Aim of the exercise ::
Provide again, from the entries below, every line from the one containing "Emerald Cancer Zodiac" through the one containing "UNIQLO ハイウエストシフォンプリーツスカート 1枚目", exactly as written, and no other line.
[Data listing Boundary: Start]
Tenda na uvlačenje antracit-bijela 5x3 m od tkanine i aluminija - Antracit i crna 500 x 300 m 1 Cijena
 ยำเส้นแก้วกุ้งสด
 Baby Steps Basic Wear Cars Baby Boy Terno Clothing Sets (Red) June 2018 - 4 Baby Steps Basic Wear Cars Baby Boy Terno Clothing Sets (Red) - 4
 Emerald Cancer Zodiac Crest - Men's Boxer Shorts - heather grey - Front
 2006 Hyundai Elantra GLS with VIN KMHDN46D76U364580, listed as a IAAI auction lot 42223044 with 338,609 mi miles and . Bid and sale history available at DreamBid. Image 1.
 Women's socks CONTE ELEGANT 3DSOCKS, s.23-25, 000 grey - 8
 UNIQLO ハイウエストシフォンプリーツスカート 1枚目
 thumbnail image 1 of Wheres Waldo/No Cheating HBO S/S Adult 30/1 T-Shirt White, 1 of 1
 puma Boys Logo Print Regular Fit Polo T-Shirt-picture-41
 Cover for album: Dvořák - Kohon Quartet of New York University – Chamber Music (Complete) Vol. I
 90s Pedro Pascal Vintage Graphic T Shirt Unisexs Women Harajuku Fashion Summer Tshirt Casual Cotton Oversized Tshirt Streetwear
[Data listing Boundary: End]
Exercise solution ::
 Emerald Cancer Zodiac Crest - Men's Boxer Shorts - heather grey - Front
 2006 Hyundai Elantra GLS with VIN KMHDN46D76U364580, listed as a IAAI auction lot 42223044 with 338,609 mi miles and . Bid and sale history available at DreamBid. Image 1.
 Women's socks CONTE ELEGANT 3DSOCKS, s.23-25, 000 grey - 8
 UNIQLO ハイウエストシフォンプリーツスカート 1枚目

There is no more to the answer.